Se il titolo si chiudesse con un punto esclamativo potrebbe sembrare una sorta di formula esoterica...

Se il titolo si chiudesse con un punto esclamativo potrebbe sembrare una sorta di formula esoterica evocata da un antico mago dai lunghi capelli bianchi in grado di sconfiggere una malefica crisi che sembra stia soffocando la speranza, la lucidità e la critica costruttiva. Purtroppo è il punto di domanda interrogativo finale che sembra limitare le speranze di quanti pensavano che uno spirito creativo potesse animare le élites mettendole in condizione di affrontare l’avverso destino con la creatività necessaria per capire i nuovi problemi che la storia ci sta mettendo davanti.

Se non si capisce la natura dei problemi che sono di tipo antropologico e non solo tecnico diventa difficile e forse impossibile risolverli solo con enunciati verbali smentiti dai fatti; eppure è evidente che più ci si occupa solo dell’economia più questa continua a peggiorare. Il senso del titolo sta nel creare lavoro, nel creare tasse e nel creare debito, ora mentre i dati numerici dicono che si riesce a creare debito e tasse sembra più difficile creare il lavoro.

Di per sé ogni singola azione se presa da sola può avere un senso, si può aumentare il debito pubblico per generare investimenti e sostegno alla domanda come fece Roosevelt sotto la guida sapiente di Keynes durante la grande depressione e come fece HjalmartShacht nella Germania di Weimar sconfiggendo un’iperinflazione – cento miliardi di marchi non bastavano per un tozzo di pane –, ma se si è portato il debito ad un tetto non sostenibile evidentemente una sua politica di espansione diventa difficile.

Si possono aumentare le tasse per ridurre la disuguaglianza e per dare allo stato un sostegno allo sviluppo ma oltre un certo livello, come quello attuale, l’innalzamento delle tasse riduce le entrate, fa collassare la tenuta sociale del sistema ed aumenta la criticità di un sistema contabile rimasto ad una strutturazione borbonica che guarda le virgole e perde di vista il tutto.

Si può aumentare l’occupazione se si lavora sulla domanda interna e si creano sostegni per gli investimenti ma se si penalizza la struttura produttiva di un paese come il nostro basato su un tessuto di piccole e medie imprese con normative giuridiche, ossessive e disancorate dalla realtà quotidiana, con una tassazione soffocante e parcellizzata non si va da nessuna parte e le cifre sono lì davanti agli occhi di tutti a dare evidenza che le politiche di rientro dalla crisi non funzionano.

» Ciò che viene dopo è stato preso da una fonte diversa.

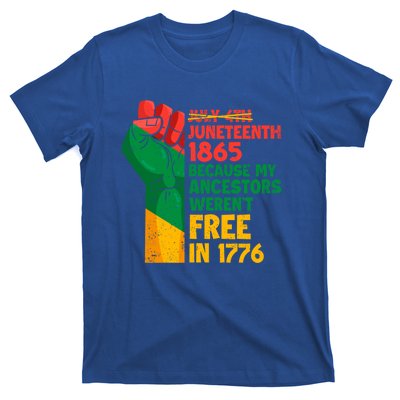 July 4th Juneteenth 1865 Funny Juneteenth Freedom Day Gift T-Shirt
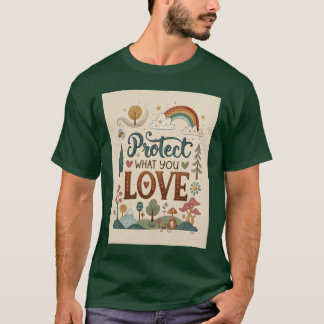 T-shirt Protégez ce que vous aimez.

Il tutto è reso più complicato da un disarmonico patto di stabilità che va contro la storia del paese, si continua a denunciare la sua "stupidità" ma poi si continua a tenere la stessa rotta. I problemi di fondo non vengono mai affrontati a partire da un sistema di controllo che non funziona né dal punto di vista contabile né morale per ridurre il "moral hazard"; così per ogni nuovo problema si fa una nuova legge, si inasprisce la precedente o si fa un nuovo organo di controllo che non si parla e non si confronta con gli altri e finiamo in una trappola mortale.

Il tema di fondo del lavoro va affrontato in modo selettivo a seconda anche delle aree territoriali, non serve semplificare i rapporti contrattuali se non si crea domanda e canali di sbocco per i consumi interni ed esterni. E’ ingiusto ed immorale non intervenire sulla tassazione delle grandi corporation che pagano le tasse dove vogliono perché in questo modo si separa il capitale dal lavoro rendendo questo ostaggio del primo. La Spagna che si sta riprendendo più velocemente di noi ha imposto una tassa sulla delocalizzazione per rendere partecipi tutti alla ricostruzione morale della società e del suo bene comune.

Si può essere alleati fedeli dell’Europa ma è del tutto evidente che le sanzioni alla Russia stanno mettendo molte aziende in ginocchio ed evidentemente le rendono poco interessate al job act; se i costi sembrano essere superiori ai benefici forse qualche domanda varrebbe la pena farsela visto che il problema è già sull'agenda della UE.